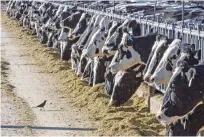  ?? RODRIGO ABD/ASSOCIATED PRESS FILE PHOTO ?? Dairy cattle feed at a farm in 2017 near Vado. The U.S. Department of Agricultur­e said Monday bird flu has been detected among dairy cows in New Mexico, Texas and Kansas.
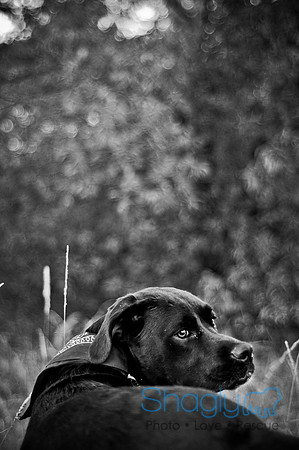 Mavrick and Jetta-97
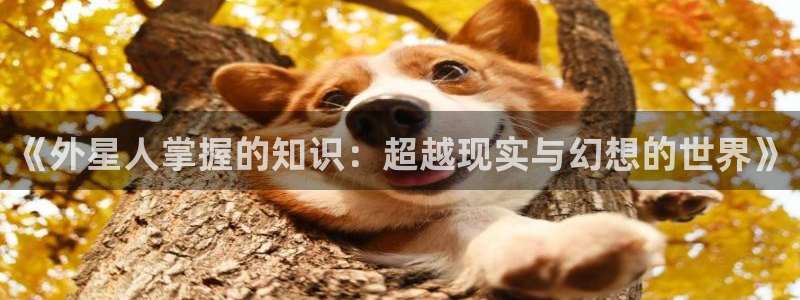 牛眼看书阅读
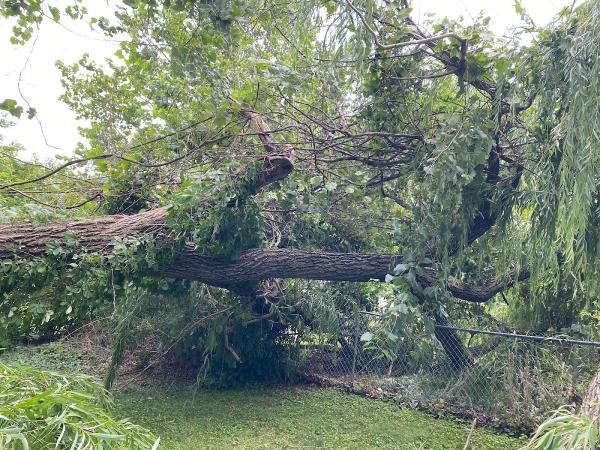 Lux Tree Service
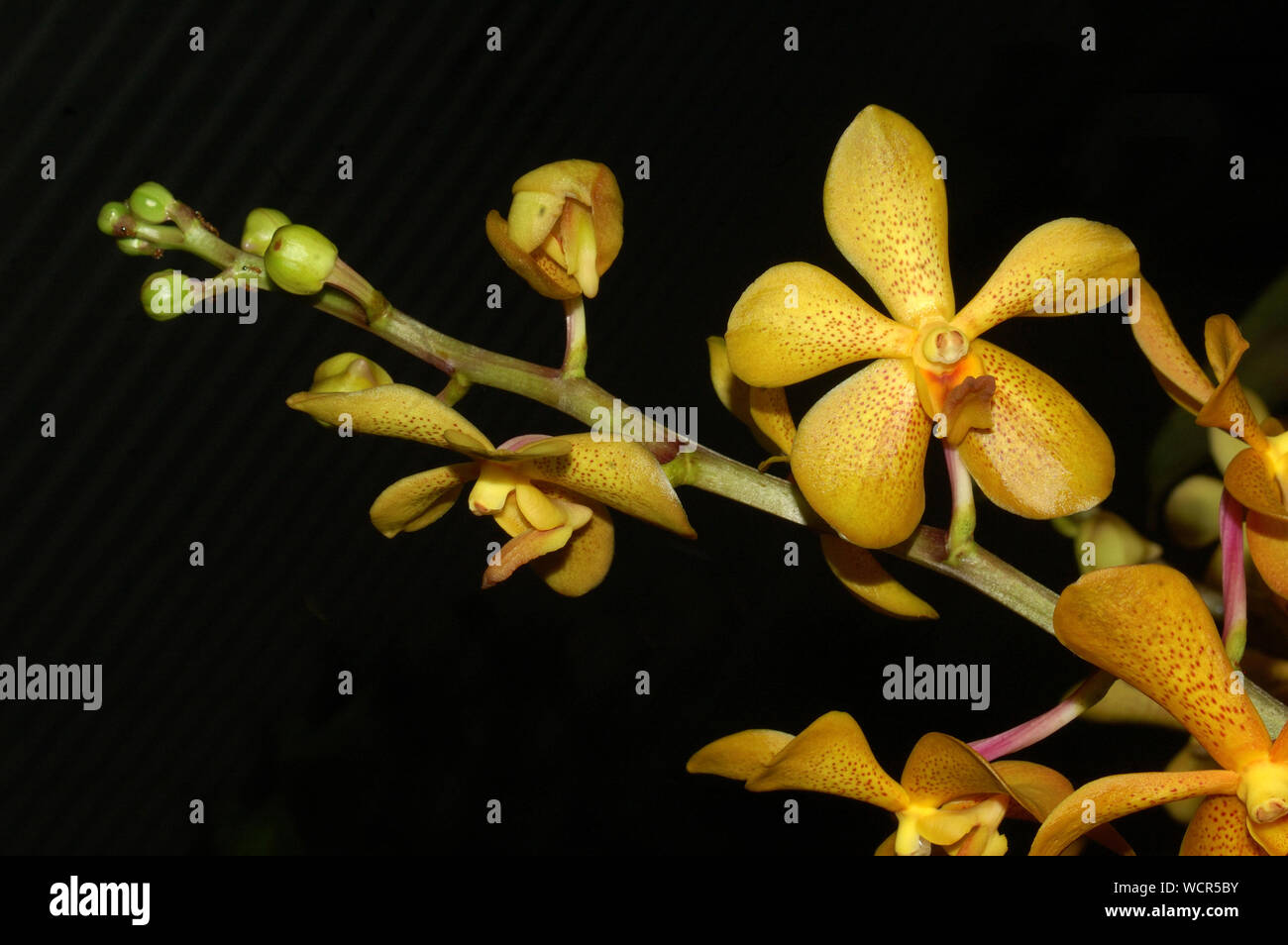 Display of yellow aranda orchids, an intergeneric hybrid between the orchid genera Arachnis and Vanda Stock Photo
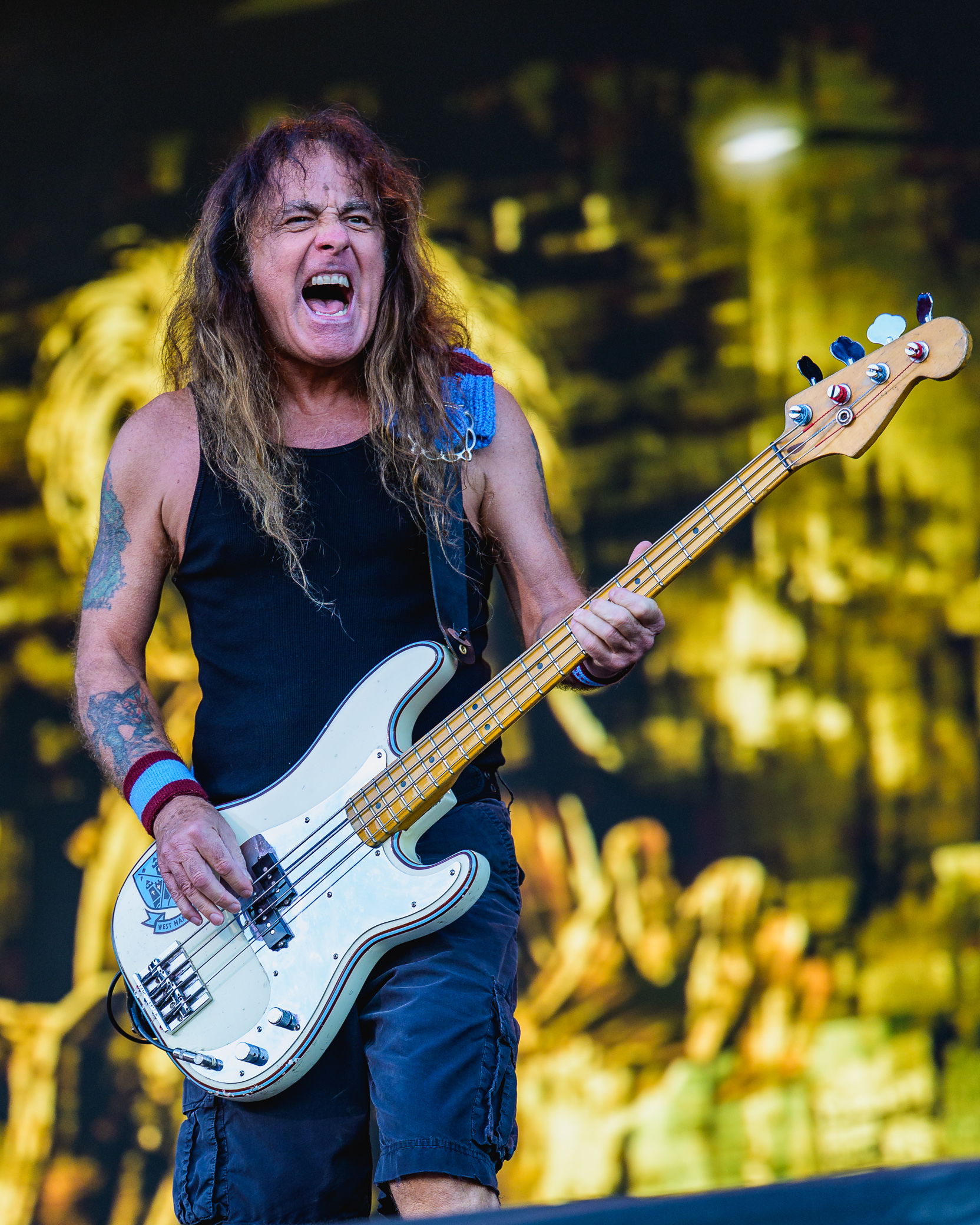 Photo 15 from Steve Harris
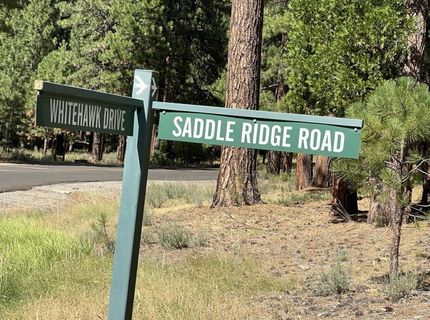 180 Saddle Ridge Road, Clio, CA 96106 Photo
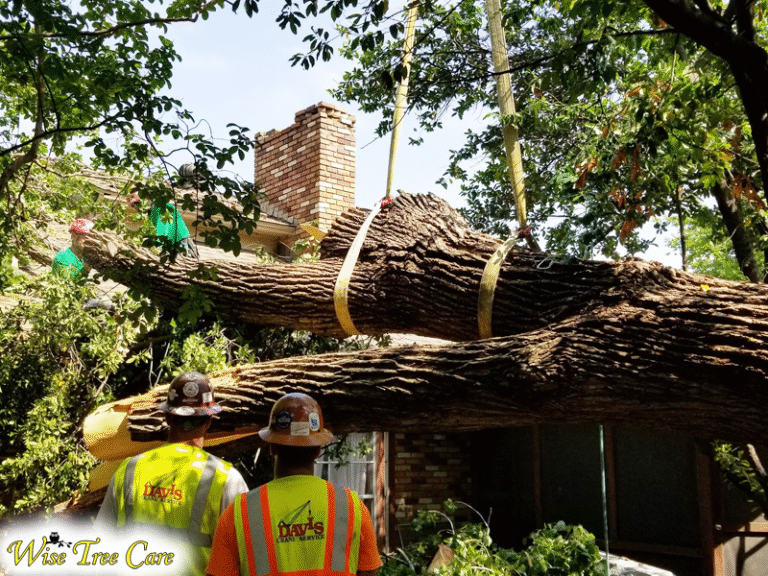 Emergency Tree Removal in Arlington, TX Why Wise Tree Care Is Your Trusted Partner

########################################

**WHAT YOU WILL DO:**
Reproduce every entry word for word, but skip any pictures.

**SOLUTION TO THE PROBLEM:**
  ?? RODRIGO ABD/ASSOCIATED PRESS FILE PHOTO ?? Dairy cattle feed at a farm in 2017 near Vado. The U.S. Department of Agricultur­e said Monday bird flu has been detected among dairy cows in New Mexico, Texas and Kansas.
 Mavrick and Jetta-97
 牛眼看书阅读
 Lux Tree Service
 Display of yellow aranda orchids, an intergeneric hybrid between the orchid genera Arachnis and Vanda Stock Photo
 Photo 15 from Steve Harris
 180 Saddle Ridge Road, Clio, CA 96106 Photo
 Emergency Tree Removal in Arlington, TX Why Wise Tree Care Is Your Trusted Partner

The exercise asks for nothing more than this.